To be honest, I’m amazed he’s still here. I thought he’d be away when Simon Grayson left, but was impressed by his loyalty to the club. I was pleasantly surprised he decided to hang around last summer, and stunned he did the same a year on. A decent long-term deal may have helped make his mind up, I guess, him being 33 now.
Quality makes a difference at any level. There’s plenty of it in the Premier League, where games are often decided by a moment of brilliance, and lower down the leagues the more noticeable it is. A player with top flight experience may not always stand out in an increasingly competitive and physical Championship but they shine brightly on the rare occasions they rock up in League One. Those with quality but lacking that experience, such as Marcus Maddison and Josh Maja (sniff, sob), show they can cut it at a higher level.
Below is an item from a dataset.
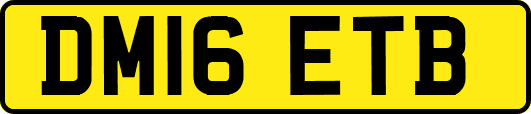 DM16ETB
McGeady’s unquestionably got such quality but his performances this season haven’t caught the eye, not that he’s alone in that respect, of course. The mazy runs, silky touches and creativity have become less noticeable and even though he’s weighed in with six goals his body language has done little to disprove suggestions of an unhappy player in an unhappy dressing room. Our set-pieces have improved under Phil Parkinson, yet McGeady - once our ‘go to’ in this department - has played little part.
It’s the manager’s job to act decisively when team spirit is suffering and Parkinson has done just that. ‘Fair play to him’ aren’t words he'll have heard much over the last couple of months but credit where it’s due. Saying ‘if you’re not with me, you’re out’ should be respected, for the good of the club.
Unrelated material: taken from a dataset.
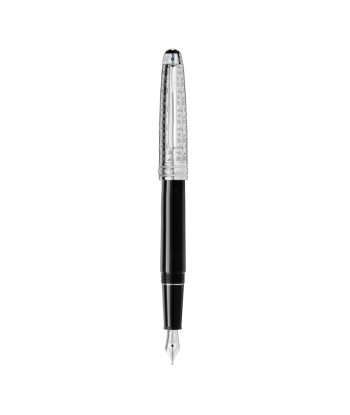 Stylo plume Montblanc Meisterstück UNICEF Doué Classique (M) Amélioration de cerveau avec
There’s plenty of other stuff to moan about, though. Twice against Blackpool Tom Flanagan tried to show a bit of spark, brought the ball forward 25 yards, before assessing the options, seeing none, and passing it back 20. He got stick from the East Stand, stared back, swished an arm and cussed. That’s where we are at the moment. Glorious, eh?
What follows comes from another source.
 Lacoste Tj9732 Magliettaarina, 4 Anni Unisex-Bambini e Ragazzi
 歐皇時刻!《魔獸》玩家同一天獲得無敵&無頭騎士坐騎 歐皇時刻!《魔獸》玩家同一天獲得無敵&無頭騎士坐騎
But among all the discontent I haven’t heard too much noise surrounding McGeady’s impending exit. His displays recently have just not been good enough and suggest an acceptance that time is up.
Thankfully, being our biggest asset under a long-term deal, he should hopefully provide us with some welcome cash. However, I’m worried what we do with it.
I’d love to think the resources raised enable us to bring in the quality which can spark an upturn, However, I fear a repeat of the scattergun approach Paolo Di Canio adopted in the summer of 2013. Enthusiasm levels were raised as we were linked with an array of players we knew chuff all about, reached fever pitch when we got the deals over the line, then plummeted when we saw them in action. And this was at a time when the club wasn’t big on ‘spin’. Charlie may have gone but don’t tell me the club wouldn’t like to take advantage of the transfer market and link us with a bit of quality in a bid to lift the mood and convince us we’re still a catch.
Whether the shopping’s done at John Lewis or eBay, it’s to be hoped we get it right and are soon opening a few long overdue cans of whoop-ass. At least the demise of Bury means we won’t go into Christmas on the back of a defeat but there’s a fair chance we’ll go into it in the bottom half. Unthinkable a few months ago. Unacceptable at any time.